What's going on? Are they doing apoptosis, or are they restoring to normal cellular behavior, or what's going on there? We believe it's apoptosis, so they're dying from not having enough energy because they're addicted to the energy. But we saw that a marker for cancer stem cells was specifically reduced, CD44. So we need more studies like that where we take FDA-approved drugs. How challenging is it? How challenging or expensive, or what has to happen to just...
to have like more of those happening all the time you know like those types of studies well we did that trial in the EU yeah and one of the benefits of doing that in Italy was that the cost of the trial was much less so for example uh you only have to pay for the drug and the insurance so then uh it's actually very inexpensive to do the trial we're talking about like maybe 15
20,000 euro, something like that, because the drug is already FDA approved. So you can just use the standard drug from the pharmacy. You just need to prescribe that for the patients.
And then the rest is the insurance because you're working with human subjects. Pardon my ignorance here, but how come if it did, you know, if it got those great results, how come people didn't want to do that a hundred times more? Just keep saying if it keeps doing the same thing, like how hard is that to repeat? Other groups say, hey, let's repeat what you did there. That's pretty good. You have plenty of citations. People know who you are. Did anybody repeat your work? No.
Window trials we need definitely more of those window trolls, but I just I guess I guess what I'm asking is what what's Why isn't there more repetition of this? Yeah, no, no, I guess you know there is you know in order to do those kinds of trials on a larger scale it's very expensive yeah, so for you know large pharma companies there has to be a profit motive there, you know and
So that probably is related. But, you know, doxycycline is actually quite a good drug. And it would be I would be delighted if it was approved for cancer therapy. The problem also is that a lot of people had a knee jerk response when you mentioned antibiotic because they become very concerned about drug resistance, antibiotic resistance. But I think, you know, that is a concern. But doxycycline has a very good history where there is very little or no
antibiotic resistance. Yeah. And people take it for six months at a time for acne, and then they take a drug holiday and they come right back on the drug. So, you know, people... Six months at a time? Yeah, because, you know, it's that safe. It's been around... It doesn't wipe out your good bacteria like they always worry about and all that? Take a probiotic. Yeah. You know, this is... I'm not making this stuff up. This is...

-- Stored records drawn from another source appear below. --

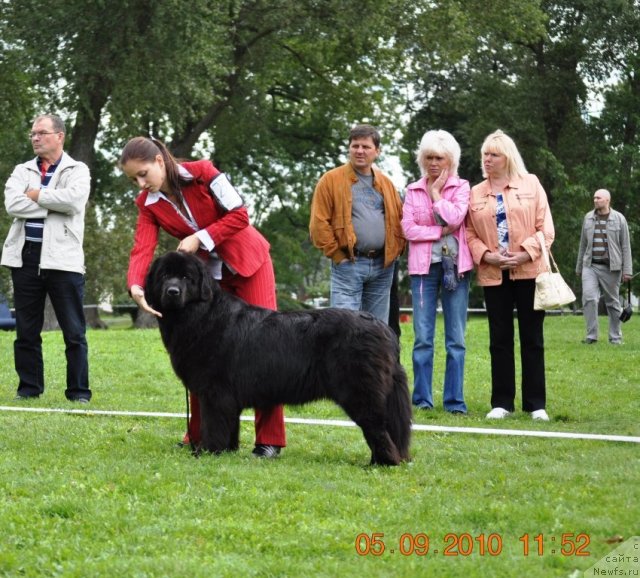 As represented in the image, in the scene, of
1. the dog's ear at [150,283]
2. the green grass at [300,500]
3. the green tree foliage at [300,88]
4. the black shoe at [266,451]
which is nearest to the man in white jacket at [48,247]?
the green grass at [300,500]

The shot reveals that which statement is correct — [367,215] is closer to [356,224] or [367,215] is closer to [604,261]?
[356,224]

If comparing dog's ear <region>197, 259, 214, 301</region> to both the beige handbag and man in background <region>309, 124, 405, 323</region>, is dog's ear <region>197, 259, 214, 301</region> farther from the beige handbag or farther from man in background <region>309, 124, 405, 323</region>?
the beige handbag

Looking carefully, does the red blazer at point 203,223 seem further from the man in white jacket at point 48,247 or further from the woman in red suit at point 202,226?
the man in white jacket at point 48,247

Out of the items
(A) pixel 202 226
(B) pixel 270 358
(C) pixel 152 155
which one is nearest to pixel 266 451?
(B) pixel 270 358

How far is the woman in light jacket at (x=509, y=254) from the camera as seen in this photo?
803 cm

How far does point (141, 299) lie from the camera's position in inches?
239

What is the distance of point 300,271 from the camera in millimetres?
43375

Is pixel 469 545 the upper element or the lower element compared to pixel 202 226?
lower

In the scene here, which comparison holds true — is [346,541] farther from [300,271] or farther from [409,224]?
[300,271]

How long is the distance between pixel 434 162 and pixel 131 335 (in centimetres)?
930

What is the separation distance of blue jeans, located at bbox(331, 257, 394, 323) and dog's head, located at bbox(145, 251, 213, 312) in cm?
208

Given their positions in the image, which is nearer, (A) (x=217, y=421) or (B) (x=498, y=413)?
(A) (x=217, y=421)

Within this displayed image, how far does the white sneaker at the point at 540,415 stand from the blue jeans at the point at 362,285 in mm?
1437

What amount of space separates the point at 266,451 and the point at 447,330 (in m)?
2.77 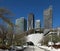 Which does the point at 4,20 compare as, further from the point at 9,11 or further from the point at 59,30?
the point at 59,30

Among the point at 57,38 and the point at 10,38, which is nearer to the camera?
the point at 10,38

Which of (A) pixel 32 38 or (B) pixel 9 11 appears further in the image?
(A) pixel 32 38

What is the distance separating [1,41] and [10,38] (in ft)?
31.5

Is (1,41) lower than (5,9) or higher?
lower

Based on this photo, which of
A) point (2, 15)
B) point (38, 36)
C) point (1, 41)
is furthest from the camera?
point (38, 36)

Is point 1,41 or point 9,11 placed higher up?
point 9,11

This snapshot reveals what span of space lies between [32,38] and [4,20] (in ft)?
347

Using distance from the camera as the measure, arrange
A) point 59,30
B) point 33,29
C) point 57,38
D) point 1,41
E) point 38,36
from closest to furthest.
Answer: point 1,41
point 57,38
point 59,30
point 38,36
point 33,29

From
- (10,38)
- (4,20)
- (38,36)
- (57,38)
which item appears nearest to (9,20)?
(4,20)

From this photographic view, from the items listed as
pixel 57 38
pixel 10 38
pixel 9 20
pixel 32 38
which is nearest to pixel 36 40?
pixel 32 38

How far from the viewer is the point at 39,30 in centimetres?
15050

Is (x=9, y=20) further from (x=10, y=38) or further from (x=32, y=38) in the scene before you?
(x=32, y=38)

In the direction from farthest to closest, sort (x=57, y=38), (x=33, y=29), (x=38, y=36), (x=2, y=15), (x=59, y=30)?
1. (x=33, y=29)
2. (x=38, y=36)
3. (x=59, y=30)
4. (x=57, y=38)
5. (x=2, y=15)

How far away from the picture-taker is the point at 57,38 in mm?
72750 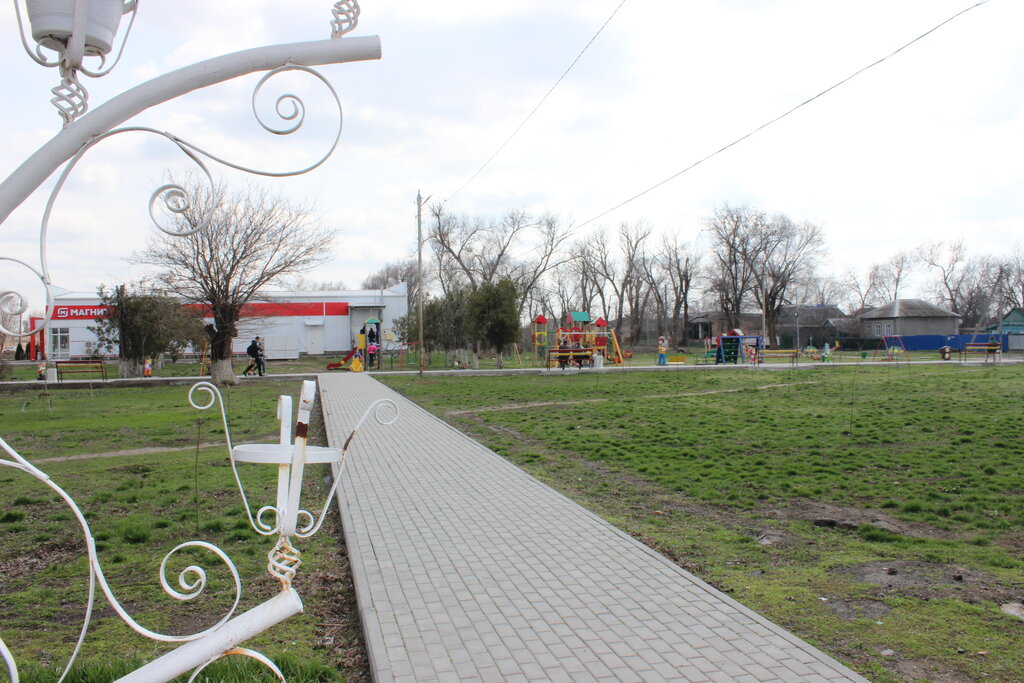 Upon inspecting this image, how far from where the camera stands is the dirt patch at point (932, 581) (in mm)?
5012

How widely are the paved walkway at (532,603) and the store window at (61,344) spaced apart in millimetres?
46719

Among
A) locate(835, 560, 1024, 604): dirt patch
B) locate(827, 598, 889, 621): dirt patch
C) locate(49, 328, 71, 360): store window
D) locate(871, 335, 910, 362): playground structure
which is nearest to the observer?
locate(827, 598, 889, 621): dirt patch

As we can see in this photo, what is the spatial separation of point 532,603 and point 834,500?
14.8 ft

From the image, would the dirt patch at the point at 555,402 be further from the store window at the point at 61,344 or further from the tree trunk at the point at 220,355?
the store window at the point at 61,344

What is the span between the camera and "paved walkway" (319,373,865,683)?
154 inches

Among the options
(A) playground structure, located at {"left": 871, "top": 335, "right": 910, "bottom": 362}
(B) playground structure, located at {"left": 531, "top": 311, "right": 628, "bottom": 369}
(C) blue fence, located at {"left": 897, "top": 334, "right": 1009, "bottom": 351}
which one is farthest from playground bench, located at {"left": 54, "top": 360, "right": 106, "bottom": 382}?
(C) blue fence, located at {"left": 897, "top": 334, "right": 1009, "bottom": 351}

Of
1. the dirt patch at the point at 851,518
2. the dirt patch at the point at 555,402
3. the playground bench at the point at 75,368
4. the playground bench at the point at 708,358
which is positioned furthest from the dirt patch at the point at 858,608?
the playground bench at the point at 708,358

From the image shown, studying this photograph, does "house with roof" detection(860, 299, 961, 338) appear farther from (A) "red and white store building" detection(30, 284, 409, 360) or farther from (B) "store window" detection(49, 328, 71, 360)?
(B) "store window" detection(49, 328, 71, 360)

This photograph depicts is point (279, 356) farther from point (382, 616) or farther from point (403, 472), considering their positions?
point (382, 616)

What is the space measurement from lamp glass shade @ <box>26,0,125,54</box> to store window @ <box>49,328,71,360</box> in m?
51.5

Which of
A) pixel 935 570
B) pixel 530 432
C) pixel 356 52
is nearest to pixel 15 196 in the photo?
pixel 356 52

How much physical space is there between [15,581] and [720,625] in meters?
5.10

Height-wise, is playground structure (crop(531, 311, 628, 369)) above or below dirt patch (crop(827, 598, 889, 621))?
above

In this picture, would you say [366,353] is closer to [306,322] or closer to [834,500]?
[306,322] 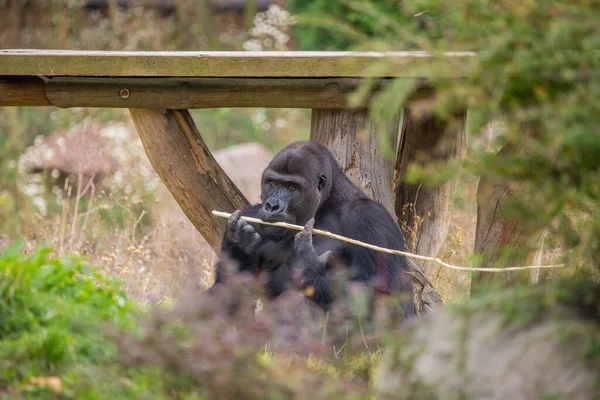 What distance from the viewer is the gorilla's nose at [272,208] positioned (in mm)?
3955

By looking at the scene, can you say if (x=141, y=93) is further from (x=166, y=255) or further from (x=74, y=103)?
(x=166, y=255)

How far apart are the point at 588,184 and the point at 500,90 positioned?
33 centimetres

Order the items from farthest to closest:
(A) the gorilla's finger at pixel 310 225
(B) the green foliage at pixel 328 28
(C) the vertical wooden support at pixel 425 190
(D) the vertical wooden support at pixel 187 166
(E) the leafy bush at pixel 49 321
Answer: (B) the green foliage at pixel 328 28, (C) the vertical wooden support at pixel 425 190, (D) the vertical wooden support at pixel 187 166, (A) the gorilla's finger at pixel 310 225, (E) the leafy bush at pixel 49 321

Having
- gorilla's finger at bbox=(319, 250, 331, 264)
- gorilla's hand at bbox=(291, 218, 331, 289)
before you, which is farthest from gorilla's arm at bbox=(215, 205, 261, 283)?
gorilla's finger at bbox=(319, 250, 331, 264)

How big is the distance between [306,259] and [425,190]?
3.98 ft

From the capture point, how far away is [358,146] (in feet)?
14.6

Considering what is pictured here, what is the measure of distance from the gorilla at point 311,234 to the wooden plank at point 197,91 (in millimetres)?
264

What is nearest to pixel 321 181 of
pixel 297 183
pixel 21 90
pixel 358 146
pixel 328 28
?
pixel 297 183

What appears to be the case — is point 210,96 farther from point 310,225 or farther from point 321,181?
point 310,225

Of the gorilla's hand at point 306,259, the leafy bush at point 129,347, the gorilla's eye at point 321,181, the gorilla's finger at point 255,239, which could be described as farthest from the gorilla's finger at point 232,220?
the leafy bush at point 129,347

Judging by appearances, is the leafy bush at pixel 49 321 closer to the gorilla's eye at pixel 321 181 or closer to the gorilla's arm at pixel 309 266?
the gorilla's arm at pixel 309 266

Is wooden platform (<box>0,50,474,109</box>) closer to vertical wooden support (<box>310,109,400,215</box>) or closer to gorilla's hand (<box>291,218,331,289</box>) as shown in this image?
vertical wooden support (<box>310,109,400,215</box>)

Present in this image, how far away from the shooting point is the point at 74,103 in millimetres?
4199

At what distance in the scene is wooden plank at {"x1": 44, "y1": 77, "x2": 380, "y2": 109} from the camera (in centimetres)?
413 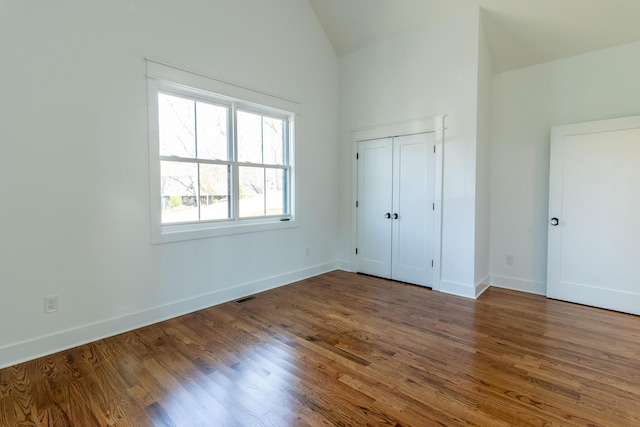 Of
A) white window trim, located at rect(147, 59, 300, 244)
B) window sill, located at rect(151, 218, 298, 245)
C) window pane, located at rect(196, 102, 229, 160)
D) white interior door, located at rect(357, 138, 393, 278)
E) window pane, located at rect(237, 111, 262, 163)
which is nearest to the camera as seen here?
white window trim, located at rect(147, 59, 300, 244)

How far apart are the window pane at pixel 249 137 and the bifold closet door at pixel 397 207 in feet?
5.19

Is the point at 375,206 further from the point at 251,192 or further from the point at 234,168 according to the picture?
the point at 234,168

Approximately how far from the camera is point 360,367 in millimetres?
2266

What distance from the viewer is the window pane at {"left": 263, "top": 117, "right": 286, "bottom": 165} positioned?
163 inches

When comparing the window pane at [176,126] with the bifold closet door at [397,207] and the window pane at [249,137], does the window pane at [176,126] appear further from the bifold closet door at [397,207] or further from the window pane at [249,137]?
the bifold closet door at [397,207]

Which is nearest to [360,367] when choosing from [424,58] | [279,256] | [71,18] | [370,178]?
[279,256]

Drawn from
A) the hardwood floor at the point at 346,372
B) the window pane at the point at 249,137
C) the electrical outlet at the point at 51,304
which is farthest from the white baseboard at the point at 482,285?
the electrical outlet at the point at 51,304

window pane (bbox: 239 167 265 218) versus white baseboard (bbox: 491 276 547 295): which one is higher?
window pane (bbox: 239 167 265 218)

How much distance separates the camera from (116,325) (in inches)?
110

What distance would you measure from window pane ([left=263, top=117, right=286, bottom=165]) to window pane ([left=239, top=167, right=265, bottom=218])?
24cm

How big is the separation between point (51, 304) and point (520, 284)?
4993mm

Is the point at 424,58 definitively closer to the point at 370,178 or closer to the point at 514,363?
the point at 370,178

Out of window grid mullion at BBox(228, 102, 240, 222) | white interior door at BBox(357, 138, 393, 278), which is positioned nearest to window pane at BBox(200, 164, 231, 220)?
window grid mullion at BBox(228, 102, 240, 222)

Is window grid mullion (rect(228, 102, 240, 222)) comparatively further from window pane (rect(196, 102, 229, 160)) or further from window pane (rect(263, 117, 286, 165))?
window pane (rect(263, 117, 286, 165)) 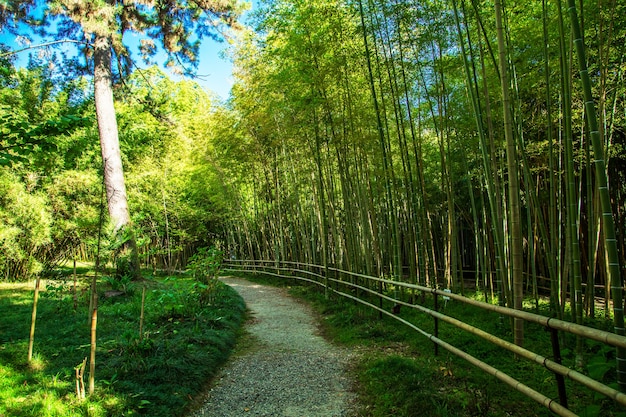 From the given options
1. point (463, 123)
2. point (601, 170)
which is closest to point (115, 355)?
point (601, 170)

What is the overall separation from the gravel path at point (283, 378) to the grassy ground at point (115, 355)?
0.20 metres

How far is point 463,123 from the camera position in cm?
528

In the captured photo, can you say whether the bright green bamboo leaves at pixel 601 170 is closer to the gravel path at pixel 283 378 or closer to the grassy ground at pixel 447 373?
the grassy ground at pixel 447 373

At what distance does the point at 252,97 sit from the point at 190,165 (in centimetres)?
637

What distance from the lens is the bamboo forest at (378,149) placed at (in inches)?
111

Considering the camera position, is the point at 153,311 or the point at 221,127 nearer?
the point at 153,311

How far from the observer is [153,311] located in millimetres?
4773

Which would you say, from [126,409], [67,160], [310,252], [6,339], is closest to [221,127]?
[310,252]

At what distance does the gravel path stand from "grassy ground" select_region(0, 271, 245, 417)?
196 mm

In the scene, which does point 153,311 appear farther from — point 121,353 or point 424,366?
point 424,366

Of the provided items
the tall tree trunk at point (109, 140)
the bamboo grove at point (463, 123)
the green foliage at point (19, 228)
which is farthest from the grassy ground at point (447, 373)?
the green foliage at point (19, 228)

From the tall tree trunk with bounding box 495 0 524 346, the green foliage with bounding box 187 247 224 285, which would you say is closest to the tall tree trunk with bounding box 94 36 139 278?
the green foliage with bounding box 187 247 224 285

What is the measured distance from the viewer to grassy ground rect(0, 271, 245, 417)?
7.60 ft

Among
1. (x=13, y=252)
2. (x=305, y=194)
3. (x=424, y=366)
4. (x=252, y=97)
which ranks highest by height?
(x=252, y=97)
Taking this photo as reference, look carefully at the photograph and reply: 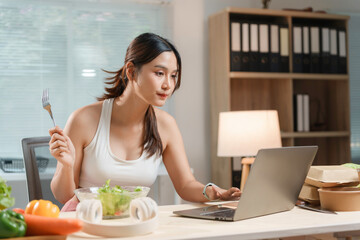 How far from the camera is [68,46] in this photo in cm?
348

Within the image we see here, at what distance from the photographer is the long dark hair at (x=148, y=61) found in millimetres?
1865

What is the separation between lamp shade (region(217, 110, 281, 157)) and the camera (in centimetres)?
250

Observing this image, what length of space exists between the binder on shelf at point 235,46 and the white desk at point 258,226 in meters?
2.13

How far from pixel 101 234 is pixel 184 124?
8.33ft

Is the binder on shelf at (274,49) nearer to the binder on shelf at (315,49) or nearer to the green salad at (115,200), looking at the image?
the binder on shelf at (315,49)

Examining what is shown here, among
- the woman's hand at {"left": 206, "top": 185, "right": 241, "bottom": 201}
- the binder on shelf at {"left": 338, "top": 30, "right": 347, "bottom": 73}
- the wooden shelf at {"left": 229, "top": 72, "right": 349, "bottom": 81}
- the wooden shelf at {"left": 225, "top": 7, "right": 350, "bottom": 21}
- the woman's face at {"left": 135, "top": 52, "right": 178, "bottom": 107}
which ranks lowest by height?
the woman's hand at {"left": 206, "top": 185, "right": 241, "bottom": 201}

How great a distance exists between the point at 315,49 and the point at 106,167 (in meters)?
2.34

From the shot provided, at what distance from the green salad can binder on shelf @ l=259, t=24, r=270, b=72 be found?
243 centimetres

the standard treatment for acne, for example, or acne rosacea. So it's one of those drugs that's not very toxic that can be well tolerated. And so, you know, I'd love to see this move forward, but it's not approved clinically. People can use it off-label, which is what they, you know, you can have it prescribed by a doctor if they're on...
Yeah, I was just going to say there's a lot of doctors that, you know, I remember you were early on, and I don't want to go into the details too much, with the pandemic recommending doxycycline as a prophylactic, right, for these frontline hair treatment groups. And actually, you know, it really did catch on. A lot of people...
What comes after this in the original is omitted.